The Reason Some Chick-Fil-As Won't Serve Well Done Fries

Cooking the perfect French fry isn't easy. Serious Eats' Caroline Russock describes the journey as "a long and painstaking evolution" involving hours of "cutting, soaking, rinsing, re-rinsing, frying, cooling, and re-frying... [because] French fries are not just fried potatoes", so we can appreciate the care and thought that went into developing Chick-fil-A's classic waffle fries. (Which the Chick-fil-A website states have been cooked using the same recipe since 1985, when the menu item made its debut.) 

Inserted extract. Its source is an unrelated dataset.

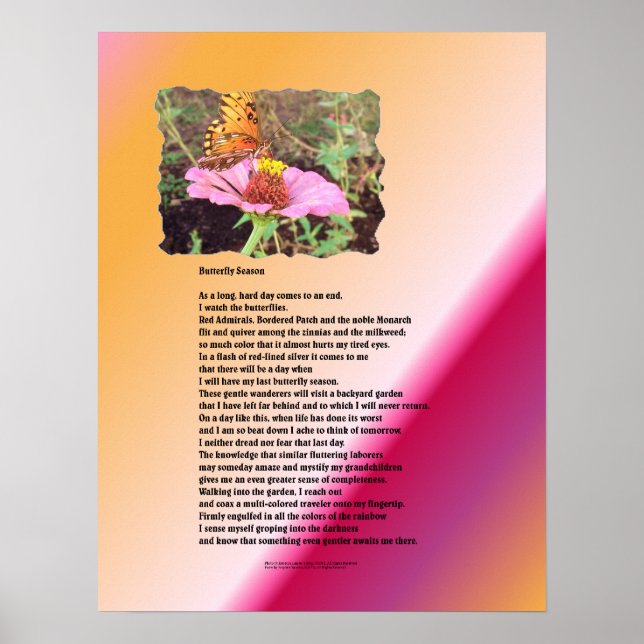 Póster Temporada de mariposas - Desierto (Frente)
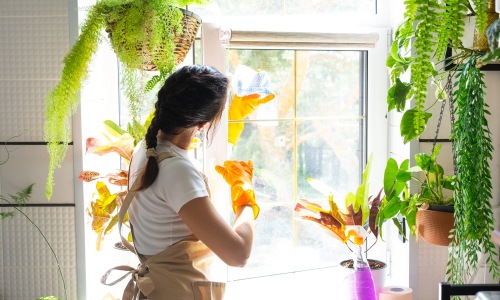 woman cleaning window with yellow gloves and greenery surrounding her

There are many reasons to love Chick-fil-A's fries. They come in a unique shape, are made from real potatoes, and are sourced from a family-owned farming business in Washington State. And before you think this is all just talk, one former employee shared on Quora that they "got all of our fries in boxes, and inside those boxes were big, brown paper bags full to the brim with the waffle fries. We kept these fries in a freezer, and when we needed them we fried them in oil for a minute and a half give or take. We'd get deliveries of these boxes every month or so, and just kept them frozen until the fries were needed." But wait, don't fries need more time than a minute and a half in hot oil to cook?

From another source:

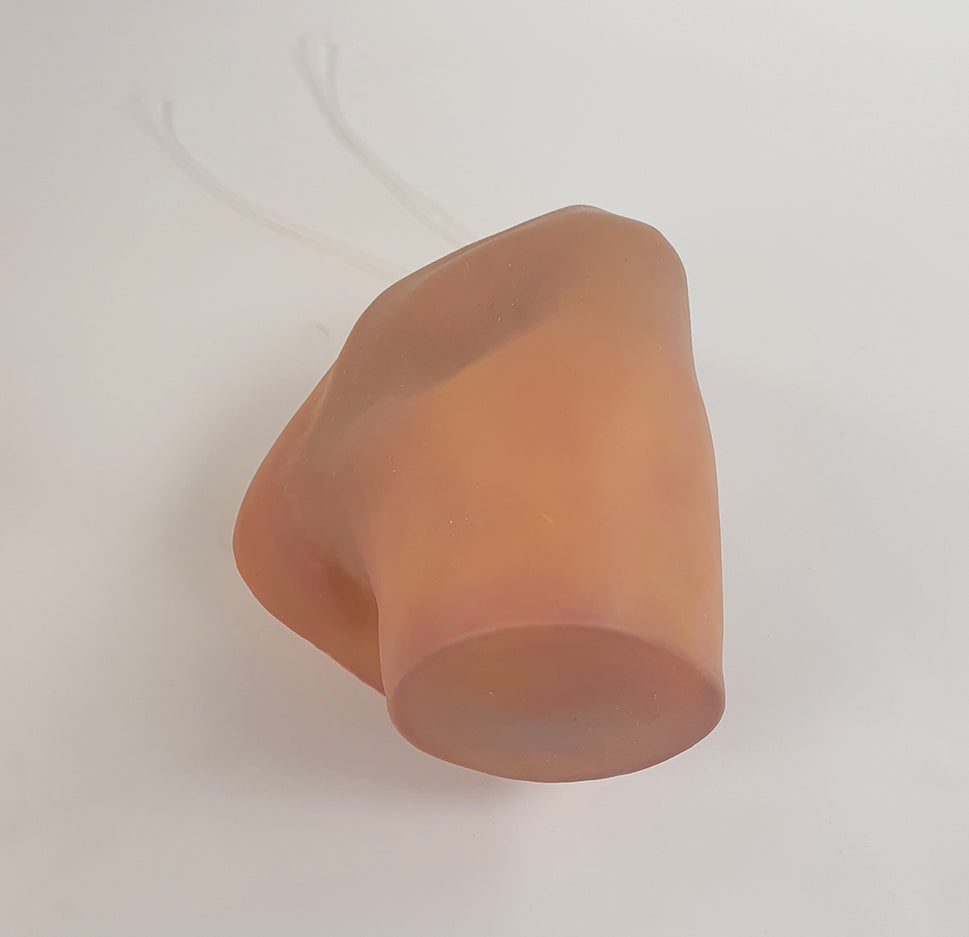 Shoulder Surgery Trainer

Making fries well done slows down service

Social media is full of theories as to why Chick-fil-A won't give fans more than a pale colored waffle fry when — let's face it — a golden brown, crunchy fry would probably be slightly more appealing and maybe even taste better. While there was a rumor that Chick-fil-A opted to stop serving well done fries for health reasons, the reality isn't as simple as that. As one Reddit user put it, "it's definitely not related to health concerns. I know at my store, the goal is to be as efficient as possible to benefit both the team and the guests, and well done items slow everyone down by taking up a whole fryer. It may seem like a few minutes wouldn't make a difference, but during peak hours it really does. It would be too confusing to try to explain to guests that we could do well done items at certain times but not always, so it makes sense to just get rid of the option altogether". 

Chick-fil-A cannot guarantee consistency for well-done fries

Another Reddit user commented that it's not just about speed, but also maintaining some level of consistency. They stated "The main issue with asking for fries that are crispy or 'well done' is the fact that there is no way to guarantee uniformity when making them. There is no set button and it is up to the fryer to determine when they think it is crispy. Besides this fact, asking for crispy fries delays the frying process of the normal fries and throws a wrench in the 'fast' part of 'fast food'".

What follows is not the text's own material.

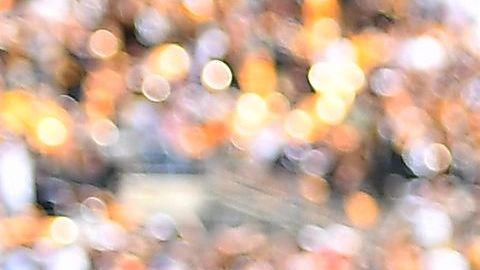 Steelers recibe a Bengals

It seems the only way you're likely to get Chick-fil-A fries well done is to do it yourself. The Daily Meal says you can make copycat Chick-fil-A waffle fries at home by cutting the fries with a mandoline and using a two-step process to fry the potatoes: first frying at a lower temperature (320 degrees Fahrenheit) to cook the potato and then frying for a second time in high heat (375 degrees Fahrenheit) to get your waffle fries as well done as you like them. For a solid Plan B, you could order waffle fries from your local Chick-fil-A and then bring them home to re-fry for yourself. Plan C, well, you can always just eat them as they are. We're sure you'll find some way to compromise.